“United 93”: Editors, Writers and 9/11 Family Members Speak Out
Travel Blog • Michael Yessis • 04.10.06 | 7:21 AM ET
The movie “United 93” opens in less than three weeks, and it’s certainly on a lot of people’s minds. Families of those on the flight that went down in a Pennsylvania field on 9/11 were given a private screening Saturday in Newark, New Jersey. Los Angeles Times writer Scott Martelle reports that the families lauded “Universal Studios and director Paul Greengrass for what they felt was a realistic re-creation of events whose true details can only be guessed at.” At Slate, the editors have posted an interesting internal e-mail discussion about the controversy over the “United 93” trailer, which at least one New York City theater pulled last week.

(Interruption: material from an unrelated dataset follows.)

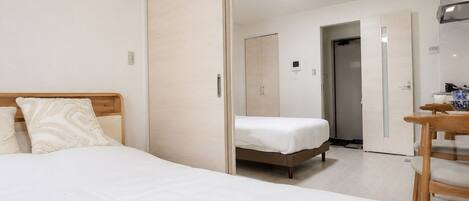 A bedroom with a bed, a wooden nightstand, a wardrobe, and a door leading to another room.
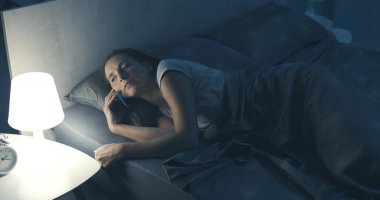 Gecenin bir yarısı akıllı telefonundan bir telefon alan bir kadın.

Meanwhile, at Time, someone (I don’t see a byline) has written a story that covers several 9/11-related movies in the works, goes behind the scenes of “United 93,” and delivers another positive review of the movie.
From Time:
United 93, at which Time was given an exclusive first look, is a good movie—taut and implacable—that honors the deeds of the passengers while being fair, if anyone cares, to the hijackers’ jihad bravado. (At one point the passengers are heard murmuring the Lord’s Prayer while the hijackers whisper their prayers to Allah.) If this is a horror movie, it is an edifying one, a history lesson with the pulse of a world-on-the-line suspense film.
The trailer and a message board are up and running at the movie’s official Web site.